The question of wall decoration is a broad one, but there are some general thoughts and principles applicable to all manner of bedrooms. One reads a good deal in current publications, first and last, as to the fitting up of ” dainty nests,” and kindred subjects.
But these ideal apartments for the young ladies of the household, while important, charming and interesting to view and even to read of, do not cover the entire subject. We have to think of rooms for the older and more staid members, as well as for the younger and less cultured, or perhaps the careless student brother, who never thinks of his sleeping apartment except as a wholly unimportant place for passing the hours of his unconsciousness. In the first place, speaking for bedrooms as a class, they should be made as cheerful in design as possible. The wall paper, if used, should be lighter, rather than darker, than that in other portions of the house. There should be some character in the design of the paper, especially if by any chance it is possible that the room may be occupied as a sick chamber. How often, as we know, have the eyes of a sick and weak person followed the designs upon the wall paper, hour after hour, and thus brought to the invalid diversion of a wholly gentle and unobtrusive nature. For this purpose, a simple design, capable of awakening interest and attracting attention, is better than a picture, even of pronounced merit ; since the latter is too likely to excite strong emotions, to awaken reminiscences, and to lead the thought in altogether too vigorous a manner.

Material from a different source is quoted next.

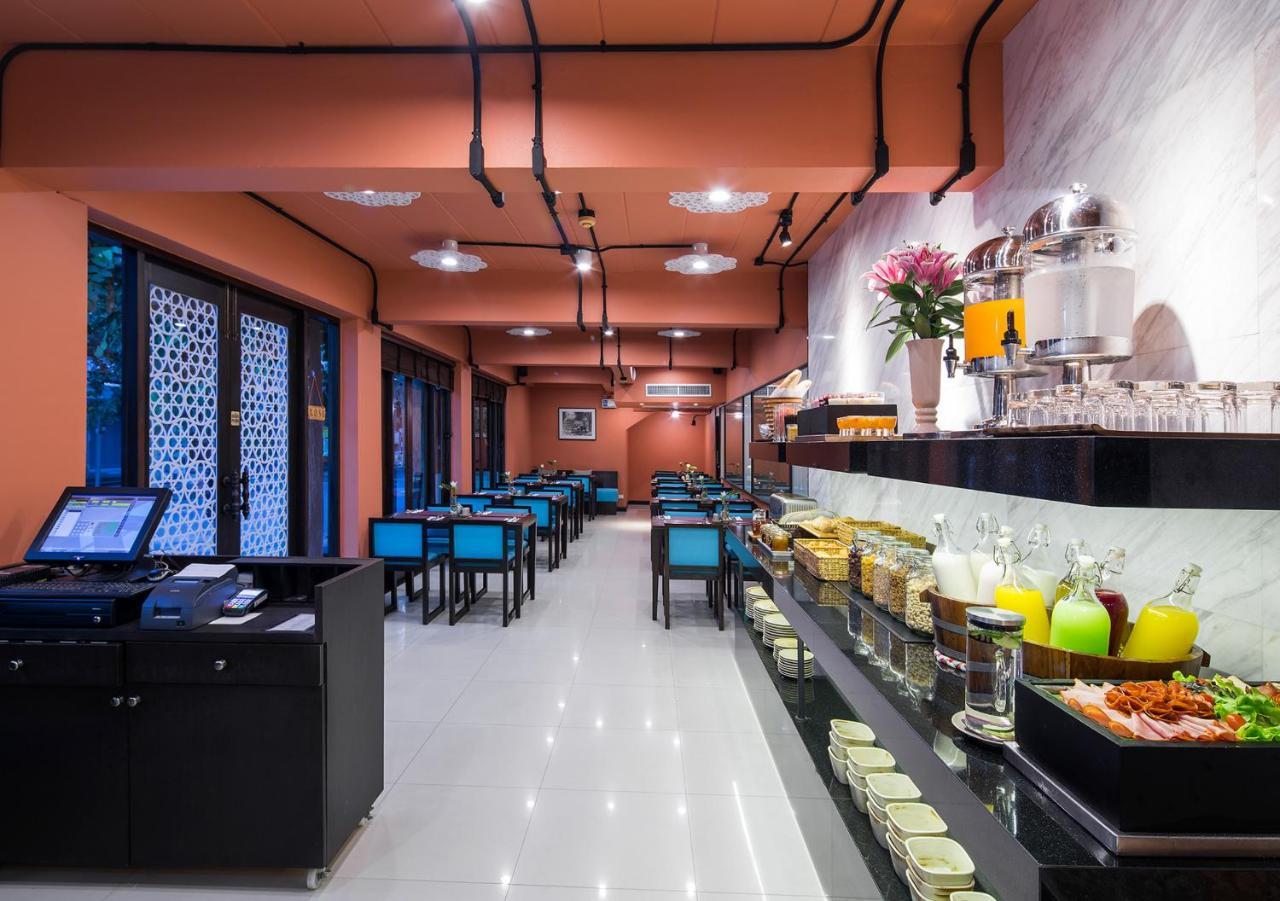 Hotel U Chiang Mai Zewnętrze zdjęcie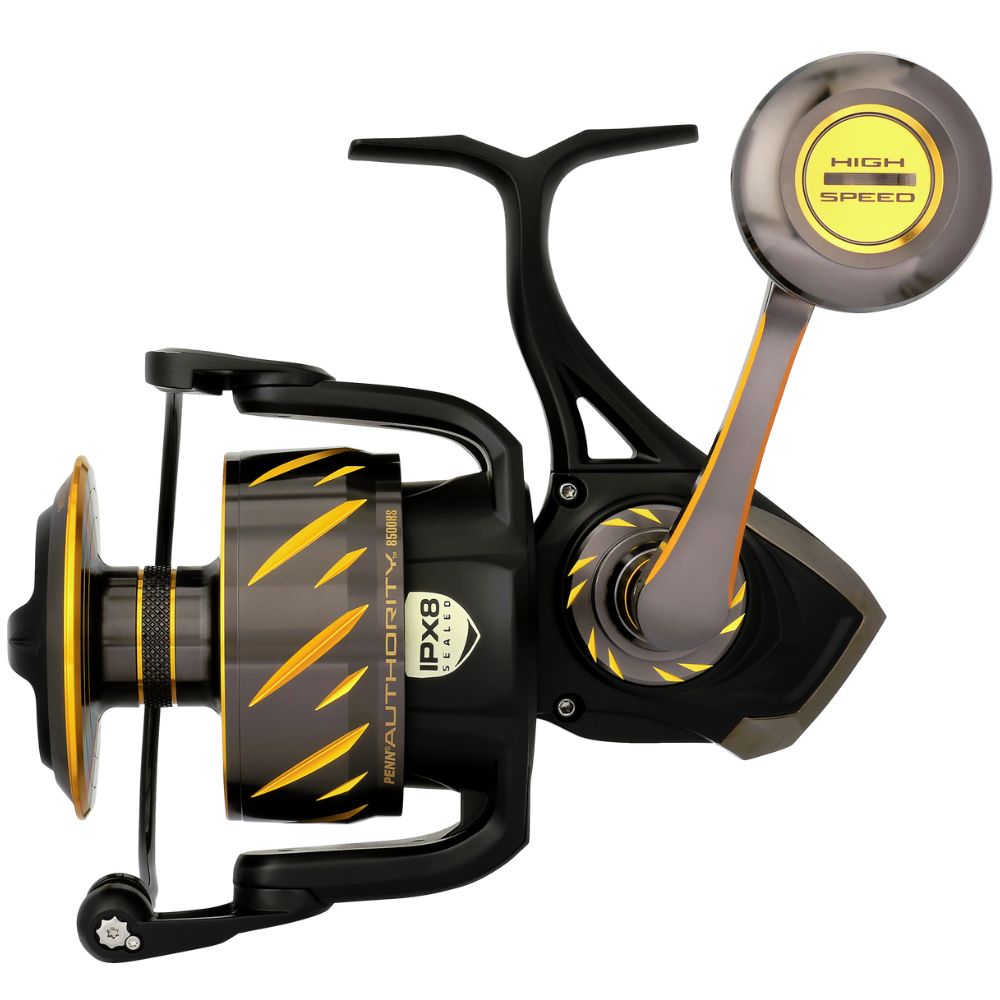 PENN Ultimate Spinning Reel AUTHORITY 8500HS - Image 3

Pictures need not be banished from the sleeping room altogether. At the same time, we must not forget that the primary idea of the apartment is that of rest and repose ; of a surcease from anxiety, activity and excitement of any sort. Unless, therefore, the apartment must also be used as a living room to some degree, any picture, or any style of decoration, which represents the spirit of activity is “o reign in tone to the primary purpose of the room. On the same principle, a surplus of furniture, of books or of bric-a-brac, is to be avoided. Surplus garments hanging here and there about the walls are an abomination. Provide for them a closet, wardrobe, trunks or drawers, so that the general aspect of the room may be that of tidiness. If circumstances permit, there should be in each sleeping room, apart from the indispensable furniture and fixtures, a small table, which can be readily moved .to any portion of the room, one or two comfortable chairs in which the occupant may sit restfully, and a lounge or couch, properly fitted with cushions and pillows, upon which one may drop for a few moments of repose, at any hour. And there should, of course, be harmony in the ensemble of the room. Let the prevailing tones match each other, and do not drop into the idea that any odd and ugly article, left over from other apartments or picked up at random, is good enough for this place. There is a distinction between true and false economy, fitness and unfit- ness, here as elsewhere. In general, heavy drapery should be avoided, and such as it is necessary to use should be light in texture, neatly arranged, and of a quality which can be easily laundered, to look as good as new. The windows should be provided with shades, and curtains of a simple, neat design are always in order. Above all, let it be said again, there should be everywhere the air of neatness and harmony. The habits of life will largely depend upon those which govern the sleeping room, and if we cultivate there the principles which go to make a happy and attractive home, their practice and adaptation will be found the easier and more habitual in other apartments and relations.